> **What the task requires**: Reproduce only what runs from the line containing "Then what I" to the line containing "3D glass — you" in the records below, inclusive. Keep it exact, and keep the pictures out.

> **Information given**:

────────────────────

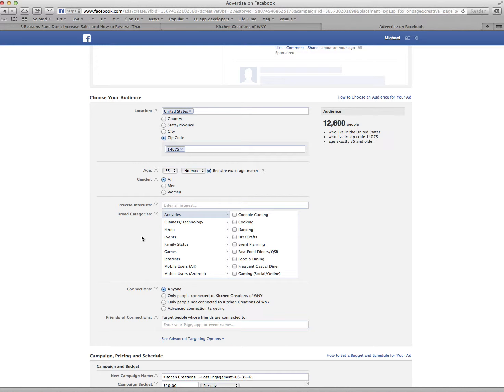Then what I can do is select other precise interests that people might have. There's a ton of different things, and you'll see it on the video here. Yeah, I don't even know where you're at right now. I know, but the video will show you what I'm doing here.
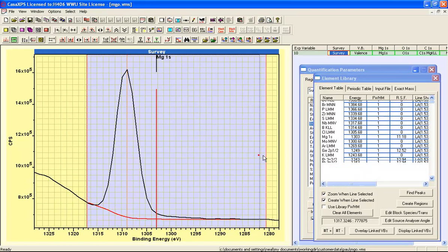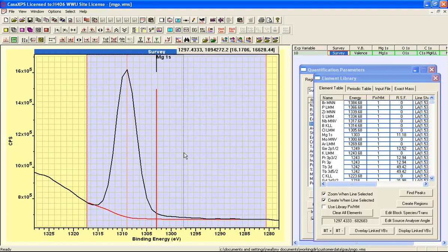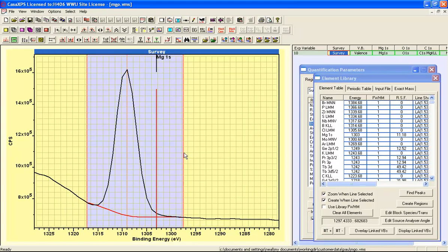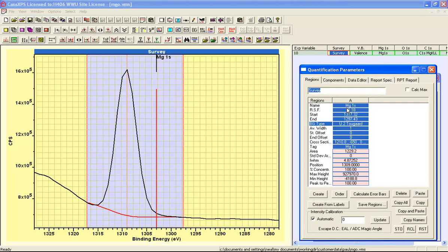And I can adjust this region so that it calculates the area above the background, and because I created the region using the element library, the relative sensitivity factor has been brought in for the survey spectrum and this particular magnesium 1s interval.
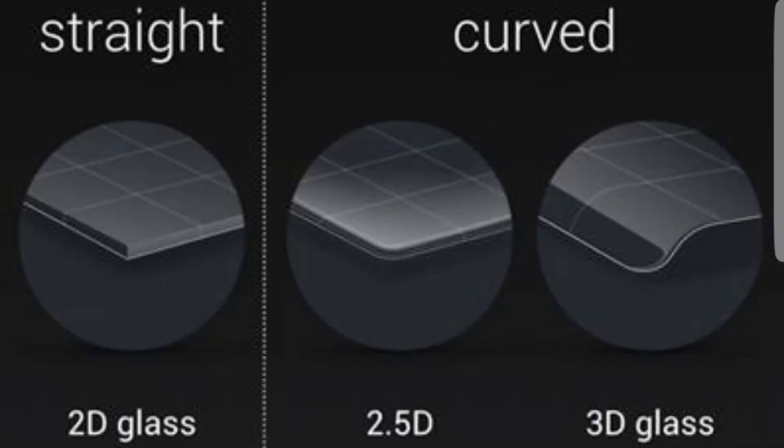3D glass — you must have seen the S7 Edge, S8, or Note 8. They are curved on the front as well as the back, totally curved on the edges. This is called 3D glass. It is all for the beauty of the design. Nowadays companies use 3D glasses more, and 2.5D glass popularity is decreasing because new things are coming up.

────────────────────

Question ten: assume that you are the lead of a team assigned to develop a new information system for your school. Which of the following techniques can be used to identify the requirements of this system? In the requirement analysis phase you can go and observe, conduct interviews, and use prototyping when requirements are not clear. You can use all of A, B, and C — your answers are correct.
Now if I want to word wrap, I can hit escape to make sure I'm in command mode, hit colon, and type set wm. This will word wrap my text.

────────────────────

> **Result for this exercise**:
Then what I can do is select other precise interests that people might have. There's a ton of different things, and you'll see it on the video here. Yeah, I don't even know where you're at right now. I know, but the video will show you what I'm doing here.
And I can adjust this region so that it calculates the area above the background, and because I created the region using the element library, the relative sensitivity factor has been brought in for the survey spectrum and this particular magnesium 1s interval.
3D glass — you must have seen the S7 Edge, S8, or Note 8. They are curved on the front as well as the back, totally curved on the edges. This is called 3D glass. It is all for the beauty of the design. Nowadays companies use 3D glasses more, and 2.5D glass popularity is decreasing because new things are coming up.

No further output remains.